▶ [DATA SECTION]:

== Segment start ==

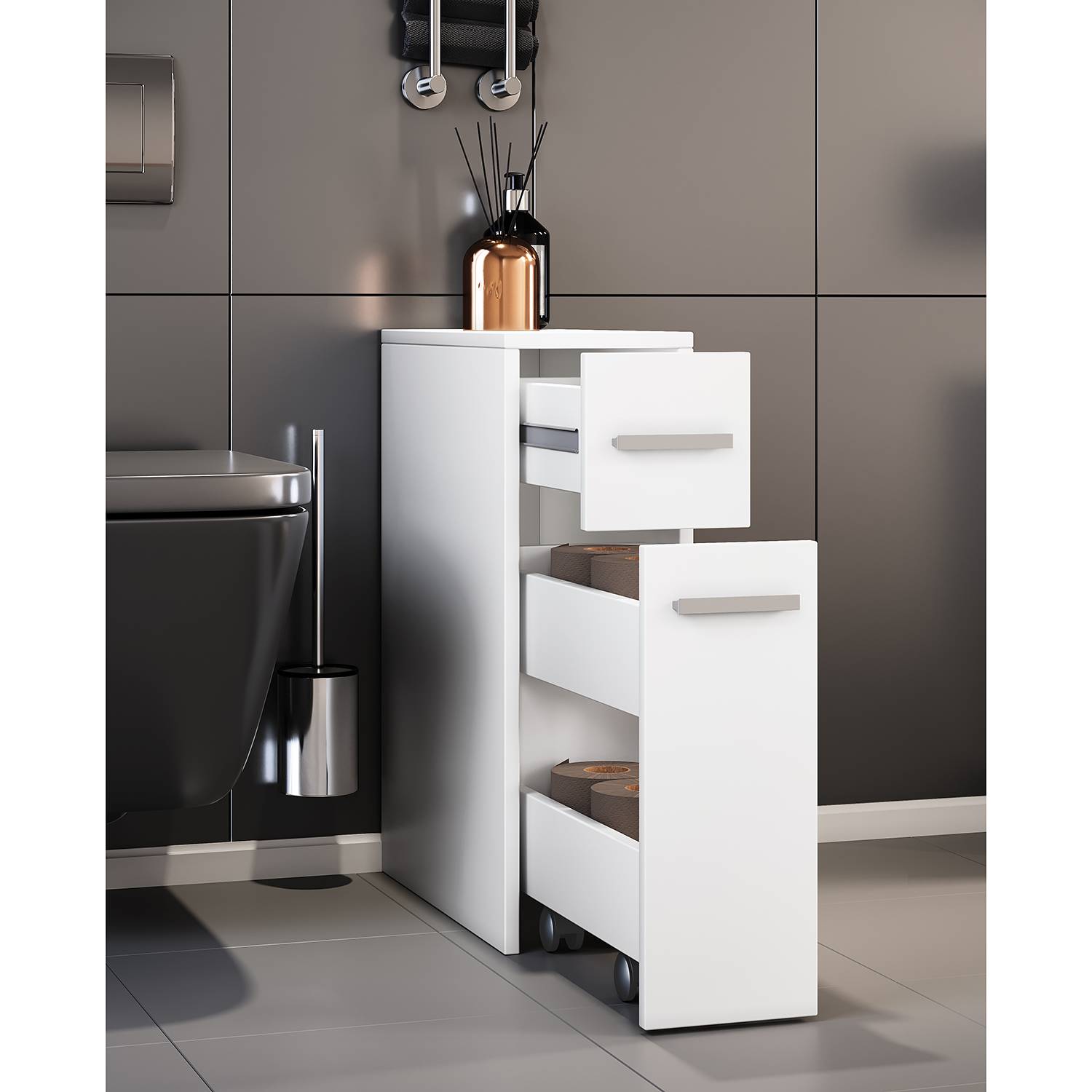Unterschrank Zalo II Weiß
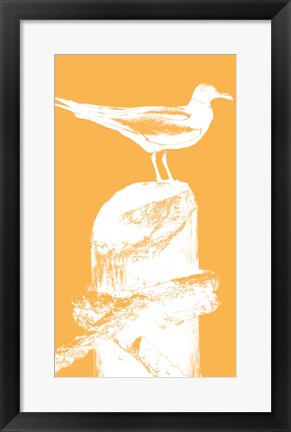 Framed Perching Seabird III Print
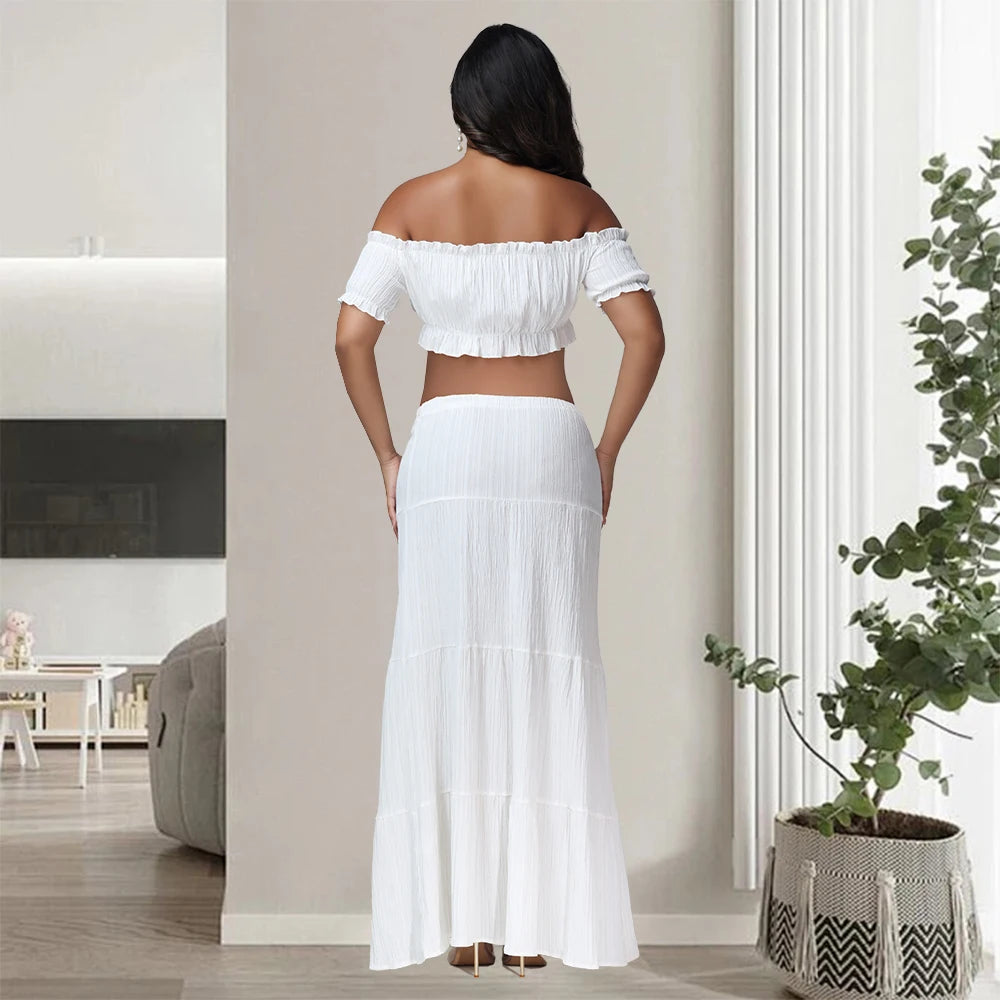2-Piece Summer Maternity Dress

== Segment end ==
== Segment start ==

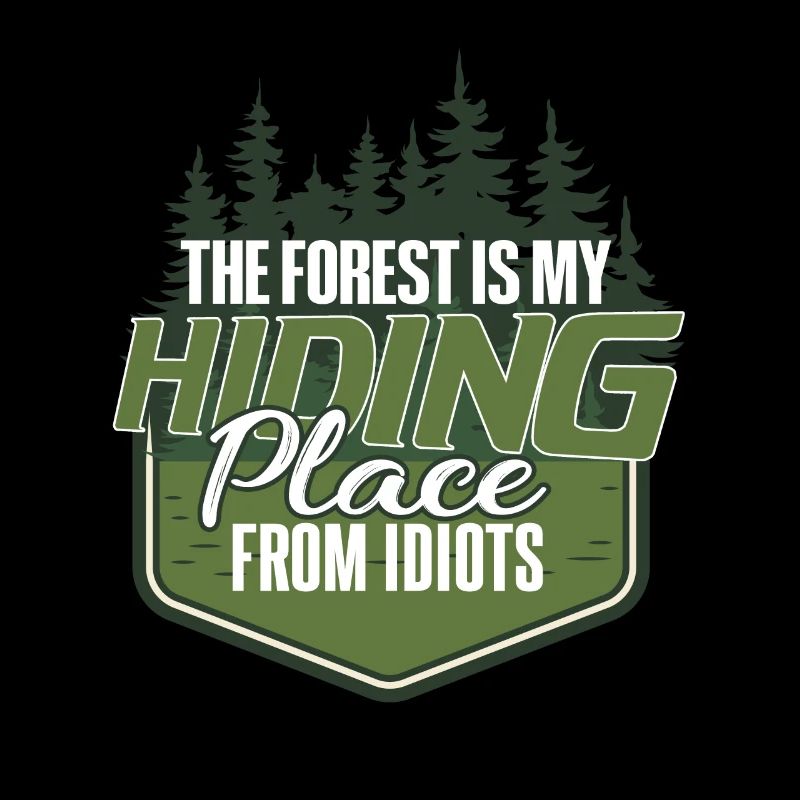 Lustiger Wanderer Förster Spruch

== Segment end ==

▶ [WHAT THE EXERCISE ASKS]: No picture is to be printed. Output exactly the lines above from the line containing "Unterschrank Zalo II Weiß" through the line containing "2-Piece Summer Maternity Dress".

▶ [SOLUTION TO THE PROBLEM]:
Unterschrank Zalo II Weiß
 Framed Perching Seabird III Print
2-Piece Summer Maternity Dress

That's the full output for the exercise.